0

i write folder content (files wit .pdf .doc and .xls) in a small txt file. every filename get a new line in the txt file. Works fine. Now i want to remove all line with the .pdf files. I still use the following code to remove false entries (fail.png in this case):

def clean():
    with open("files.txt", "r") as f:
        lines = f.readlines()
        with open("files.txt", "w") as f:
            for line in lines:
                if line.strip("\n") != "fail.png":
                    f.write(line)

clean_folderlog()

Is it possible to use some sort of "wildcard" (*.pdf) instead of the specific file name? Or is there a complete other way to solve that?

Thanks a lot

0x01_PH
  • 126
  • 10
  • Why are you opening the file in read mode and immediately opening in write mode? Cant you do it just once? – Joe Ferndz Sep 02 '20 at 06:55
  • good question. the code growing this way. is it enough to open the file in write mode to read and write from/to the file? – 0x01_PH Sep 02 '20 at 07:04
  • In general you don't want to read and write at the same time. Why don't you do this filtering at the time of the initial write.
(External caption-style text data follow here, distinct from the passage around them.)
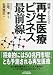 図解 よくわかる再生医療ビジネス最前線 (B&Tブックス)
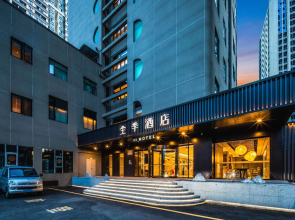 JI Hotel (Shangrao Wanli Times Square)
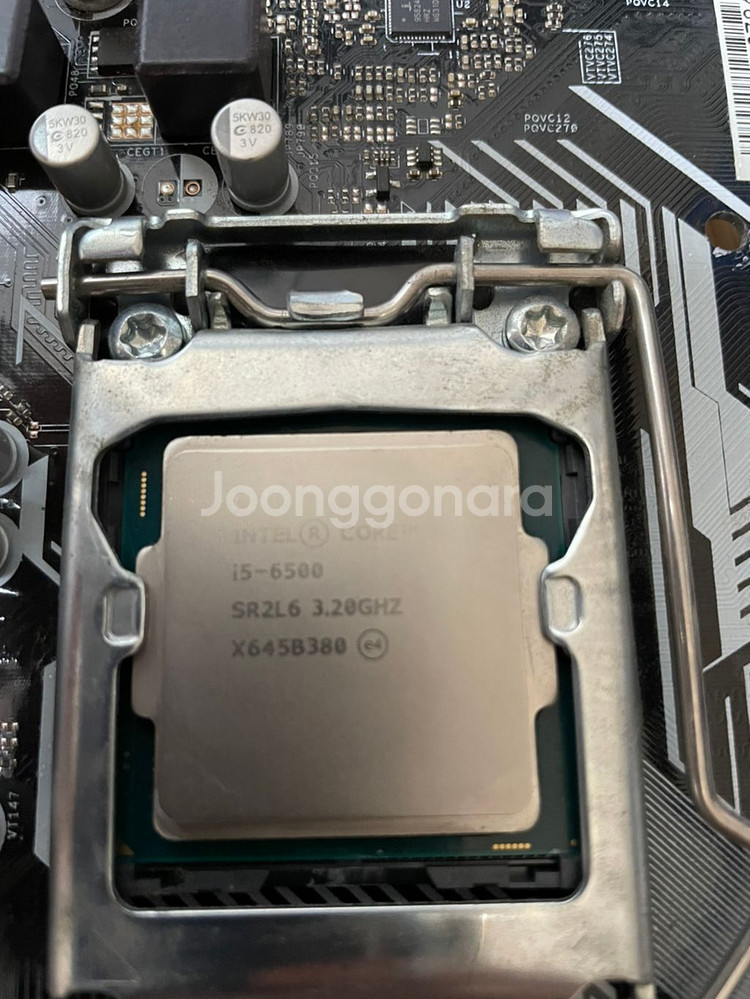 i5-6500 b150m pro4 hyper중고 팝니다--1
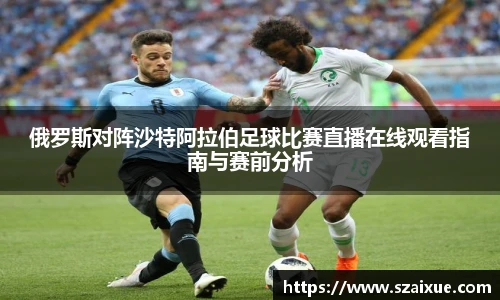 lehu乐虎国际平台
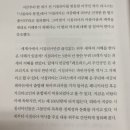 고대1091 이미지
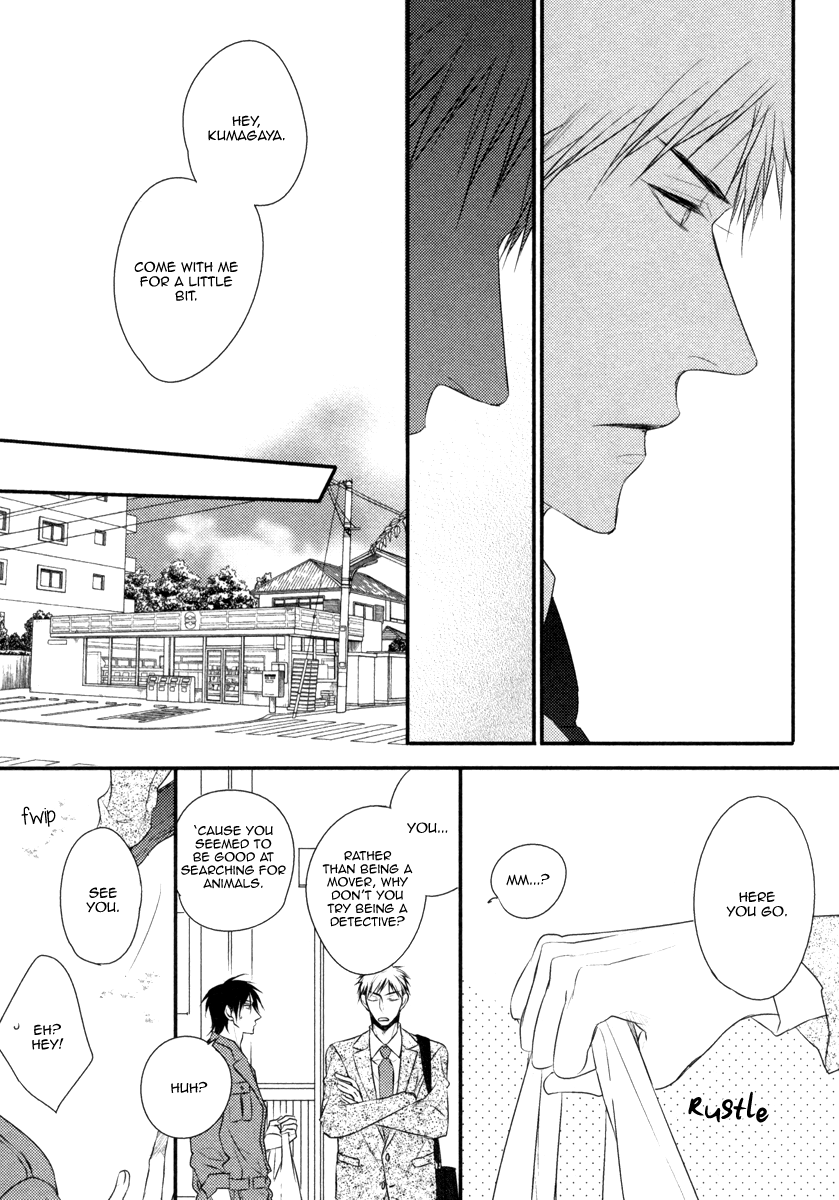 Sore wa Tabun Itoshii tte Koto Vol. 1 Ch. 1 第38页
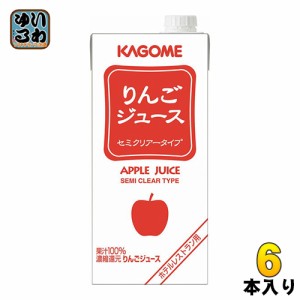 カゴメ りんごジュース ホテルレストラン用 1L 紙パック 6本入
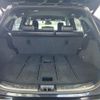 toyota harrier-hybrid 2017 GOO_JP_700055065930250704001 image 25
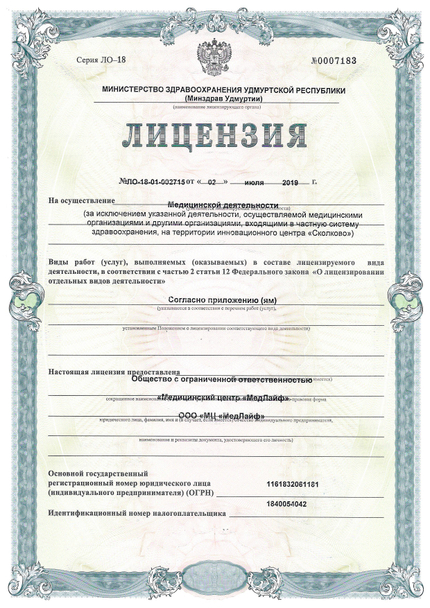 Лицензия или сертификат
I mean, instead of writing all filenames to the file and then removing some, just don't write the bad ones in the first place – Tomerikoo Sep 02 '20 at 07:18
  • After readlines() you can just close the file, i.e. just unindent the second `with` to top level. – alexis Sep 02 '20 at 07:21
  • thanks for all the advices! i am still learning and you all helped a lot with good ideas – 0x01_PH Sep 02 '20 at 07:26

3 Answers3

0

There are multiple options:

You could check wether the line contains the string '.pdf':

if not "pdf" in line.strip("\n")
    f.write(line)

You could also use a regular expression. This can be useful in other situations where you want to have a more complex pattern matching.

import re

with open("testdata.txt", "w") as f:
    for line in lines:
        line = line.strip()
        if not re.match(".+\.pdf$",line):
            f.write(line)
  • .+ matches any character
  • \. matches the literal dot
  • pdf matches the literal chars 'pdf'
  • $ matches at the end of the line

Whole code would look like this:

def clean():
    with open("files.txt", "r") as f:
        lines = f.readlines()
    with open("files.txt", "w") as f:
        for line in lines:
            if not "pdf" in line.strip("\n"):
                f.write(line)

clean_folderlog()

Also, I fixed the indentation, because the write-open doesn't have to be indented

andy meissner
  • 1,202
  • 5
  • 15
0

You have lots of options:

  • Check if the string ends with ".pdf":

      if not line.endswith(".pdf"):
    
  • Use the re module (most general pattern matching):

      import re
      ...
      if not re.match(r"\.pdf$", line):
    
  • Use the fnmatch module for shell-style pattern matching:

      from fnmatch import fnmatch
      ....
      if not fnmatch(line, "*.pdf"):
    
alexis
  • 48,685
  • 16
  • 101
  • 161
0

You can easily replace your two functions of writing folder content and removing unnecessary files with, for example, such code snippet, written below:

import os

extensions = ['.pdf', 'PUT_YOUR_OTHER_EXTENSIONS']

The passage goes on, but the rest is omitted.